Flanqué d'un certain mauvais goût, le
film s'en sort grâce à ces scènes fantasmées et à une
accumulation d'effets de montage complexes, qui frisent l'overdose
mais maintiennent le film dans un flow tout particulier : Melvin
Van Peebles est en roue libre et c'est assez appréciable. Son cinéma
est la preuve d'un geste créatif toujours présent mais qui ne se
prend pas forcément au sérieux. Il est devenu lui-même un
stéréotype blaxploitation : le vieux roublard, poète et
pervers.
Toujours partagé entre de nombreuses occupations (on aimerait jeter
une oreille sur son album de 2012 Nahh... Nahh Mofo,
le titre est parfait), il n'aura jamais cherché à s'imposer
comme un grand réalisateur et c'est tant mieux.
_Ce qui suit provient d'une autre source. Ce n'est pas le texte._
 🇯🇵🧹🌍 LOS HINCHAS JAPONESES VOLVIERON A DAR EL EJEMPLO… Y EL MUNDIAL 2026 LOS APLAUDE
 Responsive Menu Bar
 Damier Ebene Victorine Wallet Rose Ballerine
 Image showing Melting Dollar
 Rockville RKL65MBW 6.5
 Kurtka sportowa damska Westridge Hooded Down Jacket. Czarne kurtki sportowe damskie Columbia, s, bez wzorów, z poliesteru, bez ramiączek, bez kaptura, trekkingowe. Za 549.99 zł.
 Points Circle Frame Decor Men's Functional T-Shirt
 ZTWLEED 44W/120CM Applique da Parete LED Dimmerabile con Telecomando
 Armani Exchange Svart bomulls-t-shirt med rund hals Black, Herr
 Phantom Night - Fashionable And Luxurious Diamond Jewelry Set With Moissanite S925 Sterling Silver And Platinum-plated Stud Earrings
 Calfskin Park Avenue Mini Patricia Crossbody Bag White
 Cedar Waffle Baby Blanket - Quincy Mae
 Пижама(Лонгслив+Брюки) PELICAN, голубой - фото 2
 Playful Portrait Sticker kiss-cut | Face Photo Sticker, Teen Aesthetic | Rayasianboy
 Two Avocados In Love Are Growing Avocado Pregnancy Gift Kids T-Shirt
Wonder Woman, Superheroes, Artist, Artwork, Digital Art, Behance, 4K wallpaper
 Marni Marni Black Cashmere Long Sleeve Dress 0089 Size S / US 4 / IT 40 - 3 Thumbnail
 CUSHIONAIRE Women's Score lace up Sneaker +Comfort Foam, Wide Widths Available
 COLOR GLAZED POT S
En 2008 il disait :
« I make films like I make food: if you don’t like it,
I’ll just be eating it all week for leftovers ». C'était
pour la présentation de Confessionsofa Ex-Doofus-ItchyFooted
Mutha (!), un film réjouissant, fait de brics et de brocs et,
pour le coup, complètement invisible depuis ces quelques
projections.
Sûrement que Melvin van Peebles s'en
fiche.
Vincent Poli
Vincent Poli
Cote de rareté : 3/5. Uniquement trouvable sur internet, en bonne qualité cependant.